Like David, who throughout the Psalms expressed raw, painful emotions and life struggles, Joseph probably felt the same during those 17 years. And yet, regardless of his emotions, he continued living faithfully.
Although Joseph may not have always seen the big picture of what God was doing and why God had allowed everything that happened to him until his brothers showed up in Egypt, it didn’t impact how he lived. This should serve as an example to us. We won’t always know in the midst of the work what God is doing and how He’s working, and we don’t have to in order to trust Him, rest in His promises, and live faithfully.
We can remember all He’s done in the past—how He’s never forsaken us and has always been faithful. This allows us to have confident hope about today and tomorrow. Joseph remembered the stories of Abraham, Isaac, and Jacob. We have the Bible and we’re surrounded by what the author of Hebrews calls “a great cloud of witnesses”—the testimonies and God stories of believers throughout history and around us right now—which allows us to “run with perseverance the race marked out for us, fixing our eyes on Jesus, the pioneer and perfecter of faith” (Hebrews 12:1–2 NIV). We can trust it’s God who has brought us to where we are for His good purposes. And we can, in everything, be secure in the hope we have in God and by the power of His Spirit, “live self-controlled, upright and godly lives in this present age, while we wait for the blessed hope” (Titus 2:12–13 NIV).

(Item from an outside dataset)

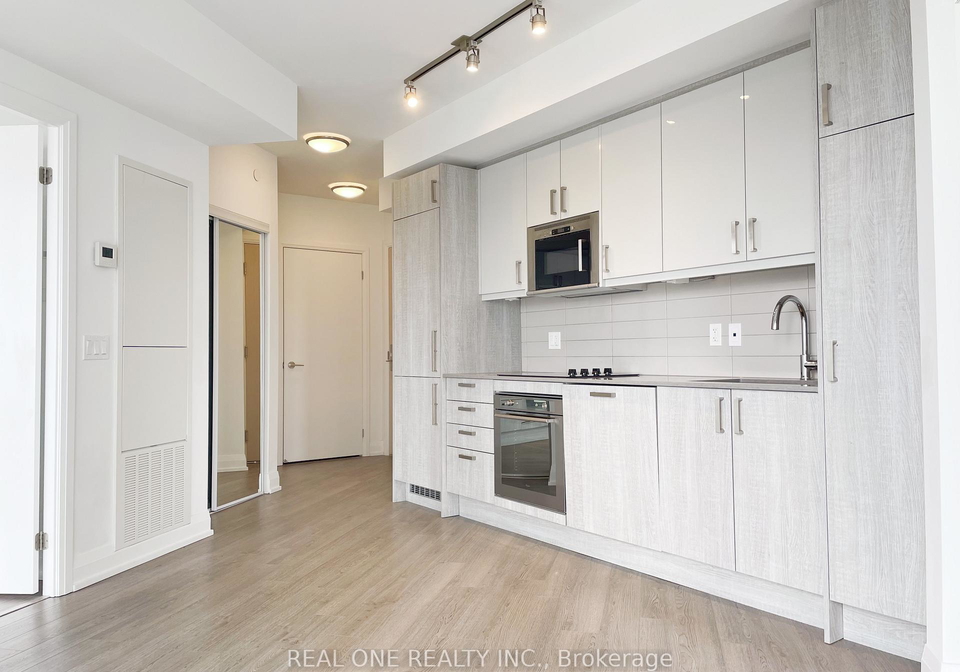 77-mutual-street-toronto-ontario-c12683232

For Joseph, that hope was fulfilled in the restoration of his family and the work God did through him. For you, it may be different. It may not seem to be on the scale of what was done through Joseph, but that doesn’t make it any less miraculous or amazing!
So, friends, remember today that even when we don’t see the whole picture, even when we’re in the proverbial Potiphar’s house or prison, or even if we were the Israelites enslaved in Goshen 400 years after Joseph saved them and brought them there, He is moving us ever closer each second “toward the goal to win the prize for which God has called [us] heavenward in Christ Jesus” (Philippians 3:14 NIV).
DIG: How can we exemplify the posture and heart of Joseph in our lives every day?
DISCOVER: In what ways has God opened your eyes to the bigger picture of His great work in and through your life? How has this helped you live faithfully?
DO: Write down some key verses about the faithfulness of God and write out some of the key moments in your own walk where the Lord has shown His faithfulness and keep them with you—whether in the notes app on your phone or on a paper you can fit in your wallet or bag.